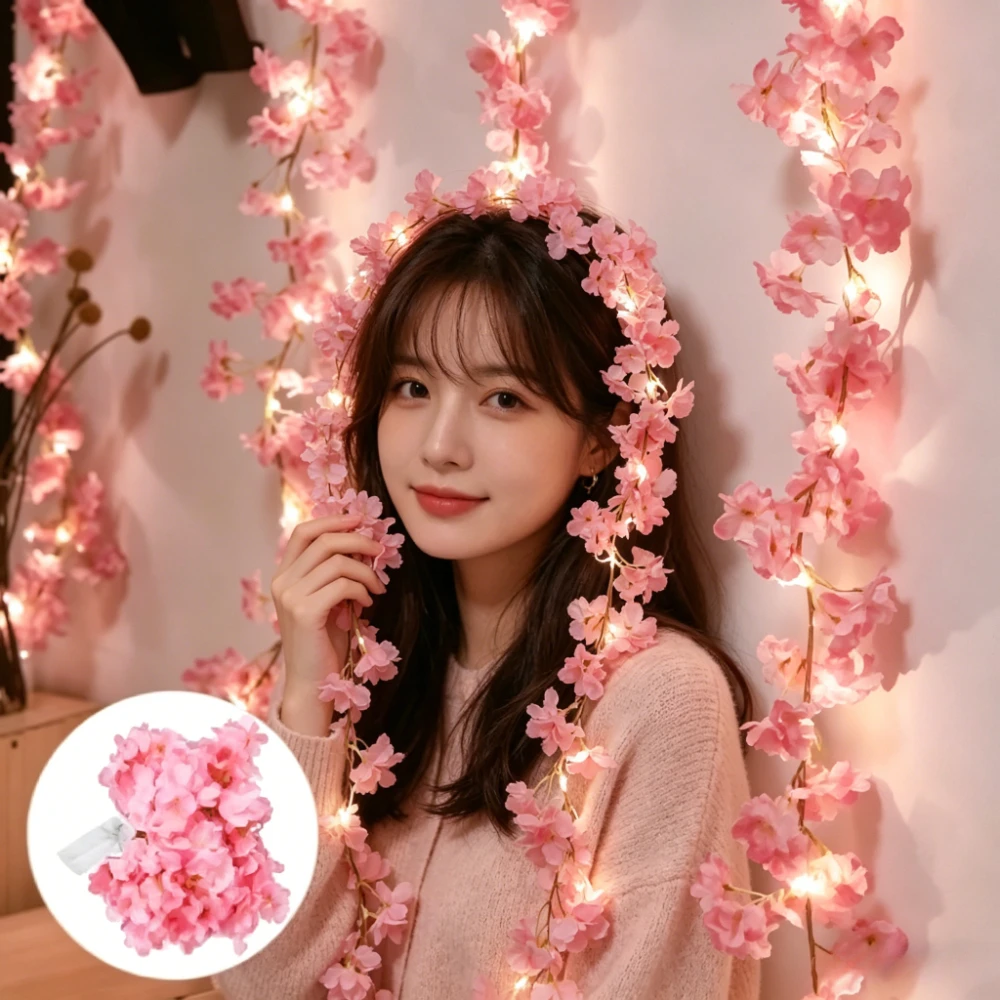 2M 20LED Cherry Blossom String Lights Artificial Flower Vine Garland Fairy Lights for Wedding Party Bedroom Holiday Decor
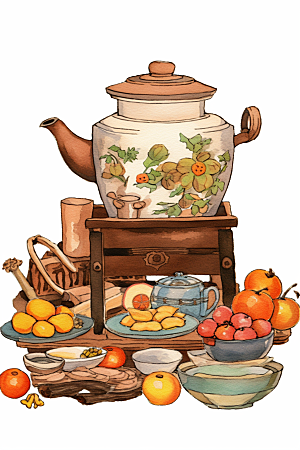 围炉煮茶中式下午茶烤橘子插画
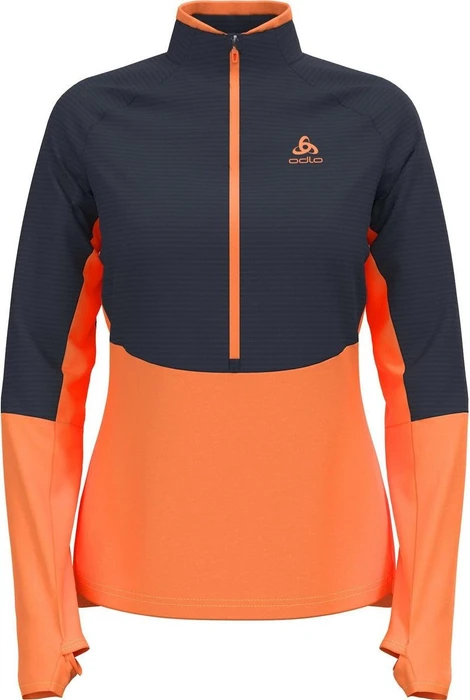 Odlo Descent Ceramiwarm Midlayer Half Zip Funktionsshirt langarm india ink/live wire (Damen)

### What the task asks
Omitting all pictures, restate word for word the lines from the one containing "围炉煮茶中式下午茶烤橘子插画" through the last line of the data.

### Solution below
 围炉煮茶中式下午茶烤橘子插画
 Odlo Descent Ceramiwarm Midlayer Half Zip Funktionsshirt langarm india ink/live wire (Damen)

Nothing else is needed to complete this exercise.